The sculpture, paintings and photography are the frosting on a substantial layer cake of interlocking non-profit organizations.

The coalition owns the building and shares it with other
related nonprofits: Head Start, Ingham County Land Bank, Lansing’s
Neighborhood Stabilization Program and The Garden Project. (A
700-square-foot suite is still available.)

The new facility is expected to put the coalition on a
more professional, collaborative footing, give it a steady rental income
and help it expand its mission to fix run-down houses, turn troubled
neighborhoods around and help people keep and maintain their homes.

“This building will help us remain a viable, productive community agency,” Draper said.  The $2.1 million  project was funded in part by $850,000 in federal Neighborhood Stabilization Grant money.

The high-tech conference rooms and meeting areas are
already attracting a wide range of groups, from Lansing’s planning
department to the Tuesday Toolmen, an army of retirees that fans out
into the city each week to help seniors and handicapped homeowners in
need of maintenance.

The Ingham County Land Bank inhabits a tall, airy space flooded with natural light.

“I’ve never had a building to work in like this,” said Land Bank construction manager Marty Lejuene.

“The art really adds to it.” Kimberly Whitfield, a Land
Bank marketer, said the art is “totally outside the box” and “a
different touch for Lansing.”

The plan to move the Coalition to the library of the old
School for the Blind was already in place when Draper arrived in 2009
after the resignation of Lynne Martinez, who was the director for three
years. In 2009, the City of Lansing loaned the housing coalition
$267,000 to purchase the building. (Martinez is a former state
representative and a candidate for Lansing City Council.)

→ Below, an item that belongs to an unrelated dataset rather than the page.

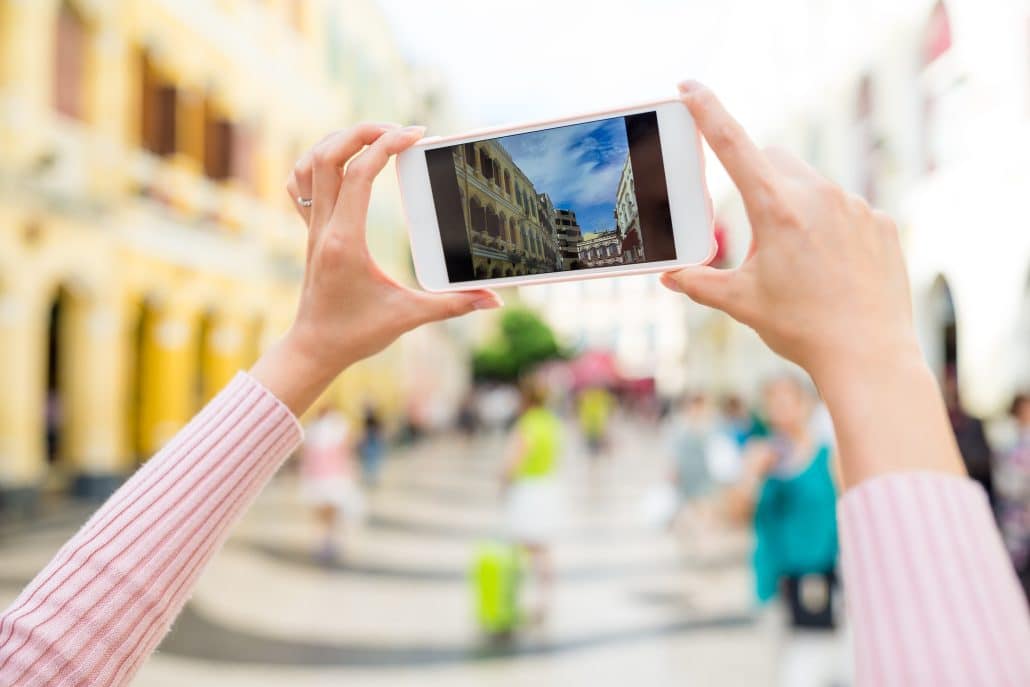Person fotografiert Gebäude mit Smartphone in Stadt.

Draper hated the coalition’s old Lapeer Street
headquarters the minute she walked in. “It wasn’t conducive to
professionalism, and it wasn’t conducive to having a team approach,” she
said. “You can’t have people working in little closets and bedrooms
here and there.”

Dorothy Boone, a development manager for the city of
Lansing, said the city wanted the coalition to move into “an expanded
role for their service to the community,” and saw the move as a chance
to make it happen.

The city looked at the neighborhoods surrounding the
former School for the Blind and found a lot of young children from
low-income families that are served by Head Start, another prospective
tenant of the Empowerment Center.

“It seemed to be a match, from our perspective,” Boone said. 

But Draper said the plan was “languishing on a board” when she arrived in 2009.

A source close to the coalition, who asked not to be
named, said Martinez did not have the “skills” to bring the plan to
fruition, but Boone credited Martinez with making the tie to Head Start.

“Without that, the project couldn’t have gotten off the
ground,” Boone said. “The work done during her tenure was critical to
the success of the project. (Draper) came in at a point where the
project was set up, funded and ready to go.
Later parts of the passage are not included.